Santander Leads Banks Up on Interest Rate View: Sao Paulo MoverDenyse Godoy
Banco Santander Brasil SA, the Brazilian Unit of Spain’s biggest lender, jumped the most in five weeks after Finance Minister Guido Mantega signaled that policy makers can increase interest rates to fight inflation.
Shares rose 2.8 percent to 14.56 reais at 12:25 p.m. in Sao Paulo after earlier gaining as much as 3.5 percent in the steepest intraday advance since Jan. 10. The MSCI Brazil/Financials Index rose 1.2 percent, the most among 10 industry groups on bets that higher benchmark rates will allow lenders to increase the rates they charge customers.

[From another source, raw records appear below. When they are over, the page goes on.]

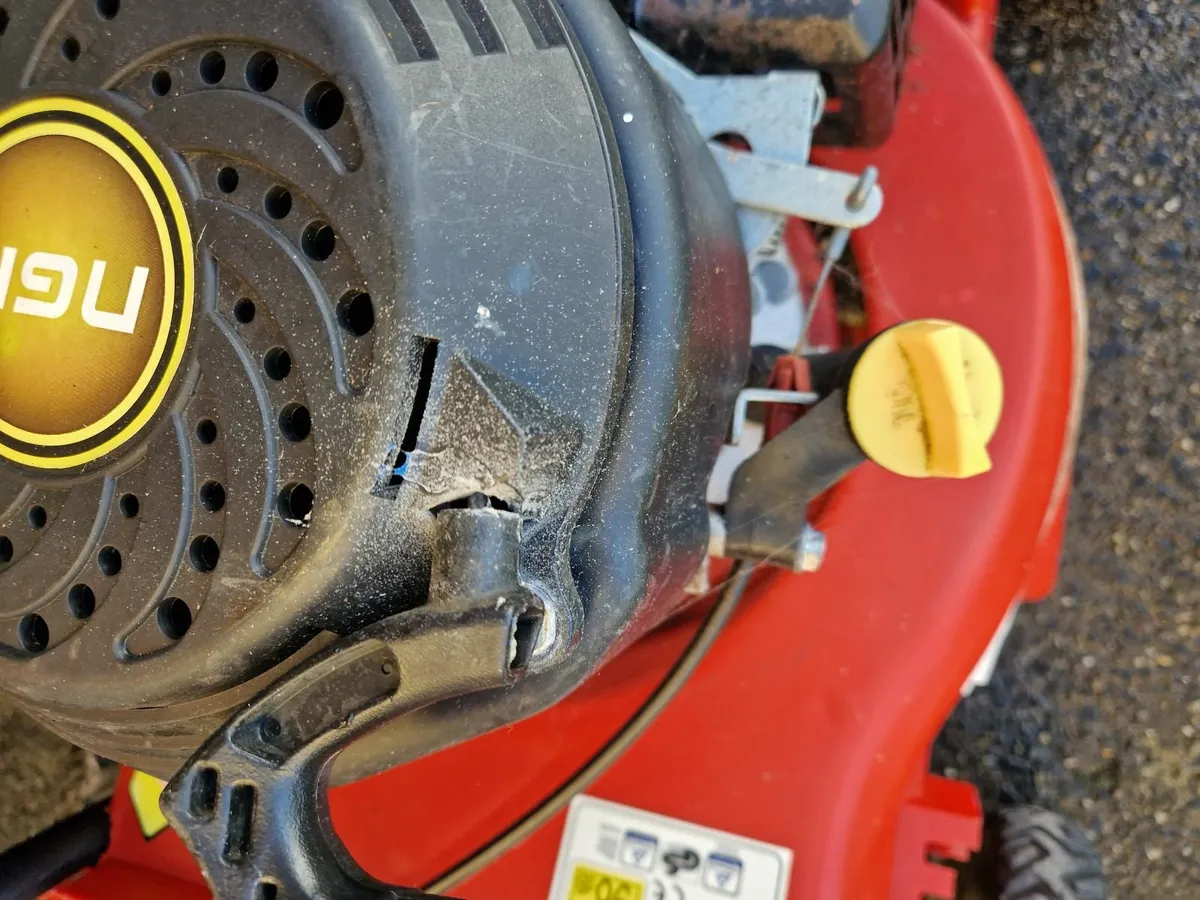 Easymo C4001 Petrol Lawnmower - Image 3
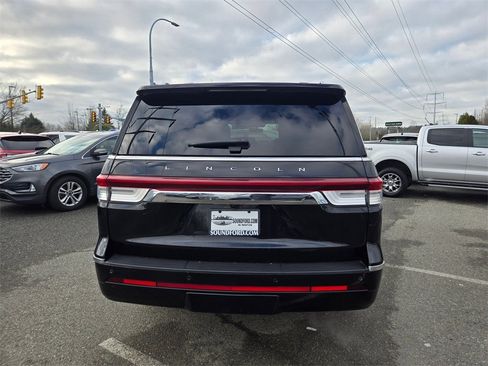 Used 2024 Lincoln Navigator L 4WD image 6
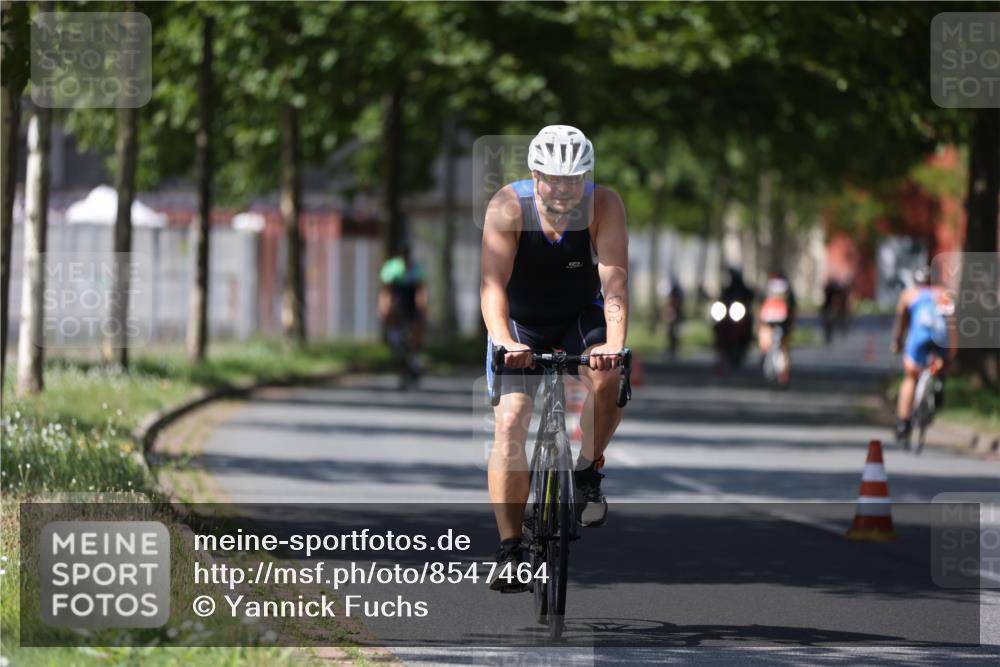 10.08.2025 - GEWOBA Citytriathlon Bremen Yannick Fuchs http://msf.ph/oto/8547464 10.08.2025 13:05:39 Radfahren 615, 616, 627, 659, 746, 809, 857, 876, 897 meine-sportfotos.de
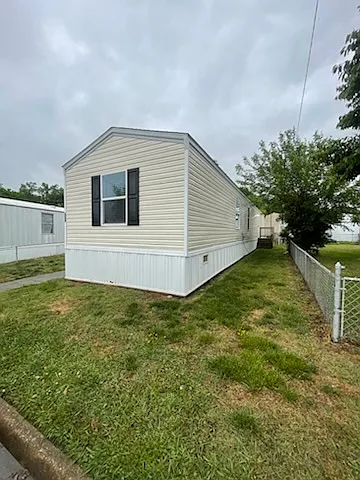 Building Photo - 169 Rodeo Cir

Mantega said that Brazil will do what it takes to fight inflation, adding that interest-rate increases are an option to rein in consumer prices. Swap rates, a gauge for rate expectations, jumped, with contracts due January 2014 rising the most since Dec. 7.
“The interest rate isn’t fixed. If you have more worrying inflation, it can move, but this is up to the central bank to decide,” Mantega said in an interview from Moscow today. “The government will do what it takes to keep inflation under control.”

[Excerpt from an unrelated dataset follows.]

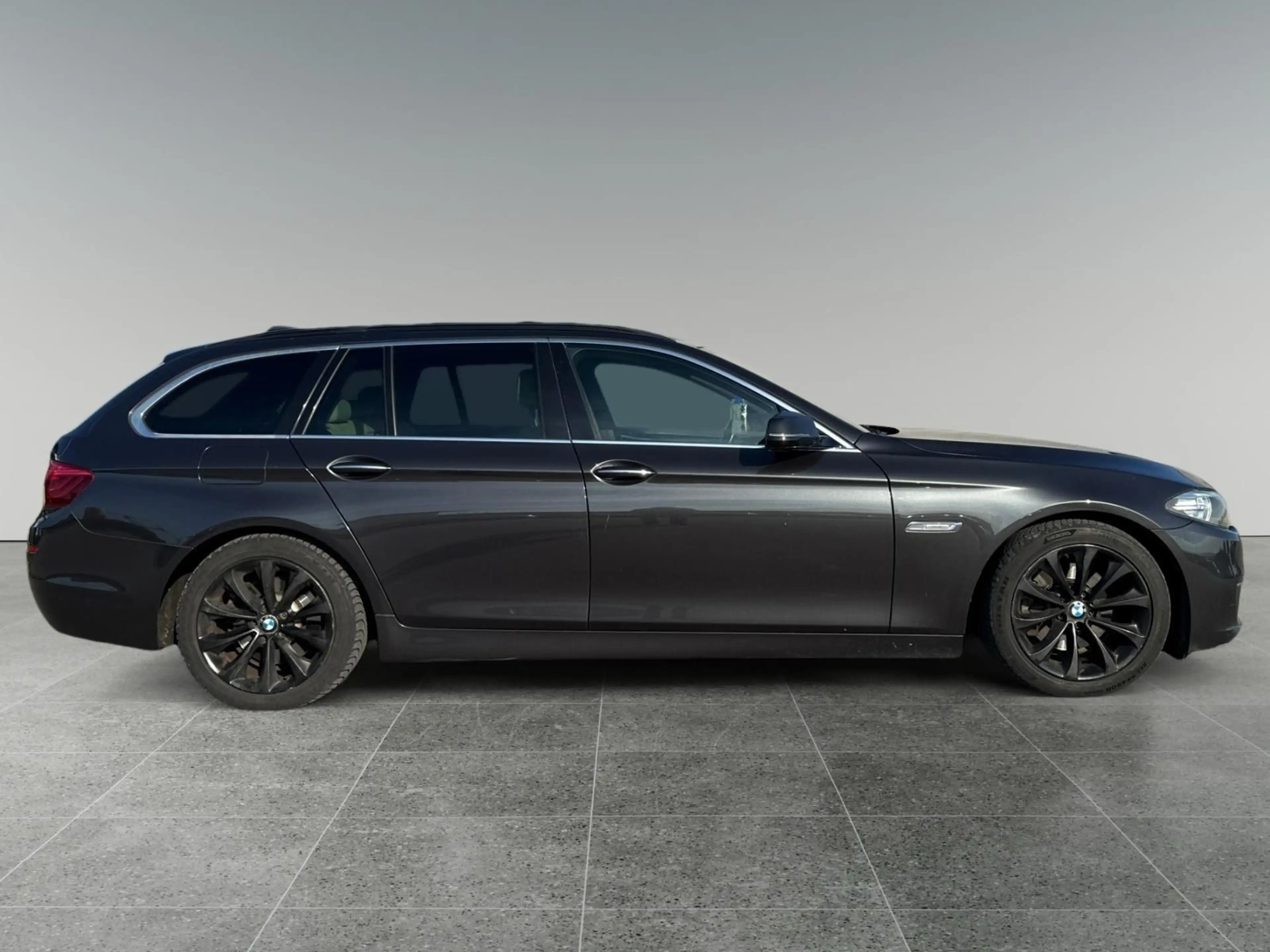 BMW 520 d Touring Luxury Leder Bi-Xen Nav Shz — photo 4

Itau Unibanco Holding SA, Latin America’s biggest bank by market value, rose 1.6 percent to 34.17 reais. Banco Bradesco SA advanced 1.7 percent to 35.42 reais. State-controlled Banco do Brasil SA added 1 percent to 24.04 reais.
Brazil’s central bank board, led by Alexandre Tombini, kept the benchmark interest rate unchanged at 7.25 percent for a second straight meeting on Jan. 16.
Consumer prices in the country will rise 5.71 percent this year, according to the median estimate in a weekly central bank survey of about 100 economists published on Feb. 13, up from
5.68 percent the previous week. That was the sixth weekly increase to the estimates.